Columns = 4 [samples]

So we take (6–1) and multiply by (4–1) to get 15 degrees of freedom.

With the chi-square stat and the degrees of freedoms, we can find the p-value. 

The p-value is what we use to determine significance (or independence in this case). 

Depending on the test, we are generally looking for a threshold at either 0.05 or 0.01. 

Our test is significant (i.e. we reject the null hypothesis) if we get a p-value below our threshold.

For our purposes, we’ll use 0.01 as the threshold. 
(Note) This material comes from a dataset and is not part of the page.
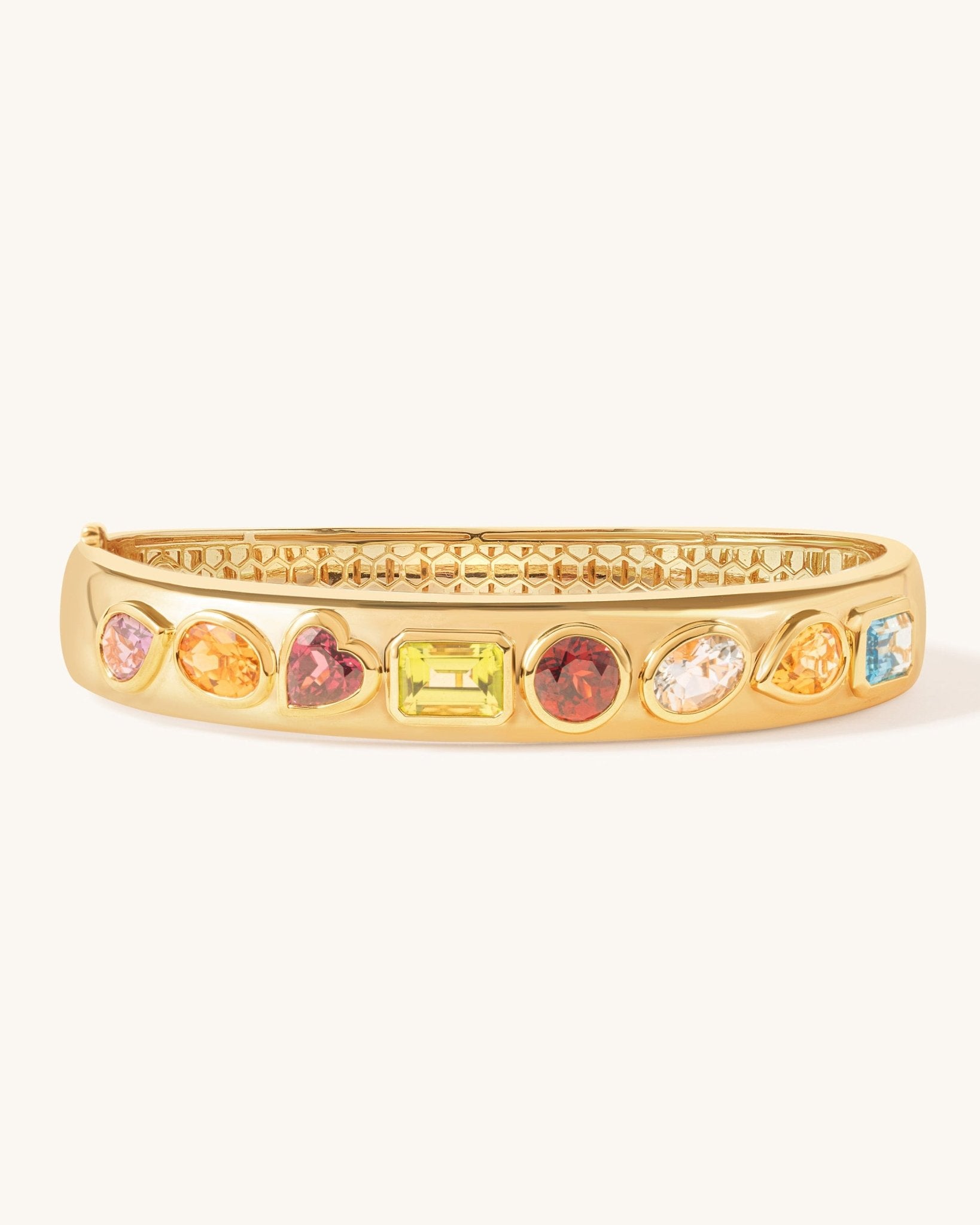 Multi Fancy Gemstone Gold Bangle - Sparkle Society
In this particular example, the p-value (the second number in our output: 0.3502) is far from 0.01, and thus we have not met the threshold for statistical significance.


In [0]:
chi2_stat, p_val, dof, ex = stats.chi2_contingency(dice)
print("===Chi2 Stat===")
print(chi2_stat)
print("\n")
print("===Degrees of Freedom===")
print(dof)
print("\n")
print("===P-Value===")
print(p_val)
print("\n")
print("===Contingency Table===")
print(ex)

===Chi2 Stat===
16.490612061288754


===Degrees of Freedom===
15


===P-Value===
0.35021521809742745


===Contingency Table===
[[ 5.83333333  5.83333333  5.83333333  7.5       ]
 [ 4.43333333  4.43333333  4.43333333  5.7       ]
 [ 4.9         4.9         4.9         6.3       ]
 [ 8.16666667  8.16666667  8.16666667 10.5       ]
 [ 6.06666667  6.06666667  6.06666667  7.8       ]
 [ 5.6         5.6         5.6         7.2       ]]


The array at the end of the output is the contingency table with expected values based on all samples. 

Note in this case, our contingency table produced values that are, in some cases, quite a bit off of what we know we should expect with die rolls. This is because we are using too small of a sample to accurate measure the population.